Designing a UI for Web-based software can be a much different challenge than designing a Web site used for marketing or company information, and has unique requirements not normally a concern with a downloadable application. Even so, many marketing/company Web sites are now integrating additional functionality and evolving to become more like Web applications
While most Web sites aim to attract your attention, a Web app UI should, in many ways, fall into the background of your behaviors; allowing you to concentrate on your tasks and the data you are entering. It’s a more focused environment than you’ll find with most browser-based activities. You may spend 1 to 5 minutes on a Web site, where you could spend an hour or more per day in a Web app.

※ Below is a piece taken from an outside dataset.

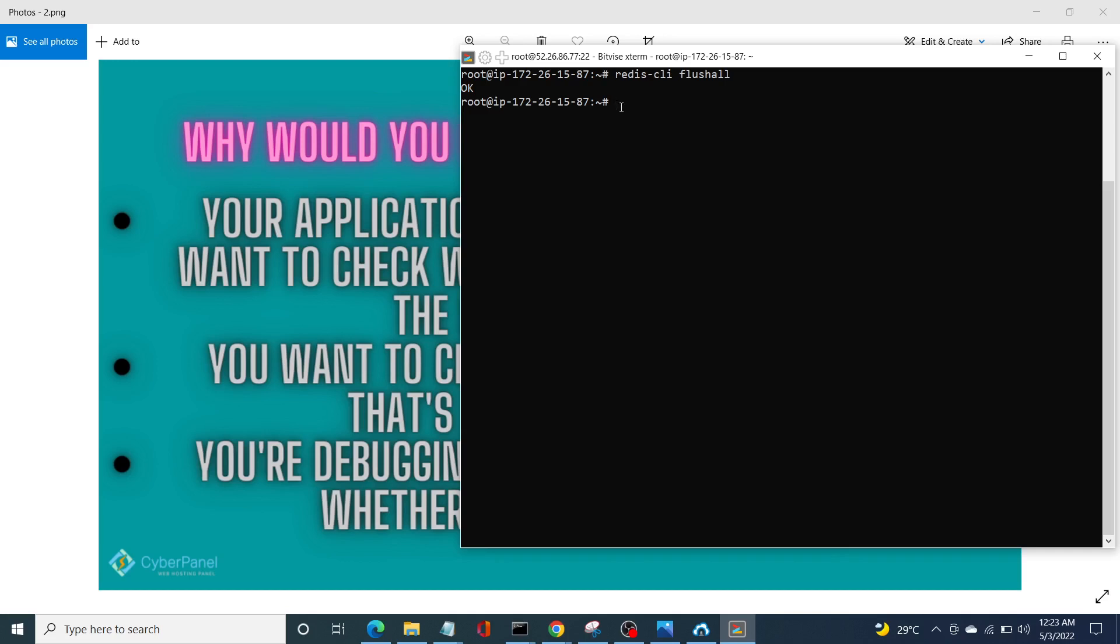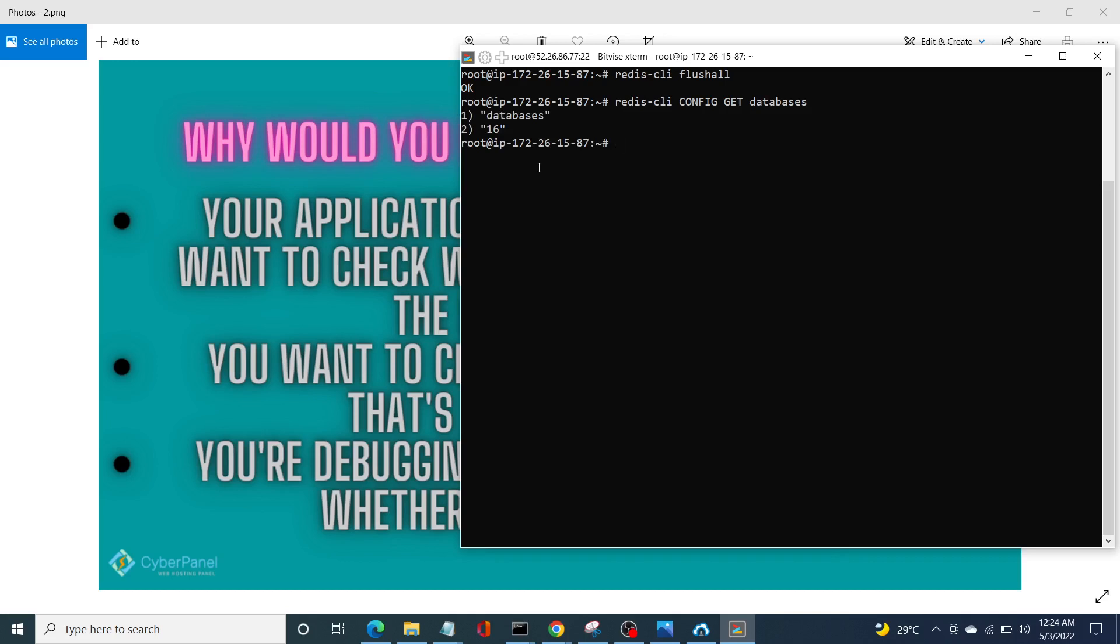Next, we can actually delete cache of specific database. For that purpose, we need to find database number first. For that purpose, write redis-cli space config get databases, enter. And now we have the databases, the number of databases.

In case you were wondering, Facebook and Google Docs are examples of Web apps.
The Web app UI needs to be fast, consistent, and predictable. There shouldn’t be any surprises. Users are still leery at trusting a Web app with important information—a friend’s e-mail is one thing to lose, while a report you worked on for 3 weeks for this Friday’s sales meeting is quite another matter. Somehow it still seems safer when it’s on your laptop on your desk instead of a remote server.
The reality is that the security, functionality, and flexibility gained from manipulating data in a browser are sometimes preferable to a localized approach. The advantages of Web apps are not the focus of this post, but it’s important to draw the correlation between Web apps versus more traditional software, because the UI design challenges are very similar.
With regard to performance considerations, with traditional software you are installing a local application that can draw from all of the resources on your machine—the processor, the RAM, hard disk, etc. A Web app needs to stay light and snappy so as not to overburden the browser it’s running in.
Part 2 will look at our first round of concepts and why we presented the ones we did.
Comments
by carly August 18, 2009 • 03:26 pm
This is going to be great. I’m excited to see your concepts for the user interface. congratulations, Tom & team!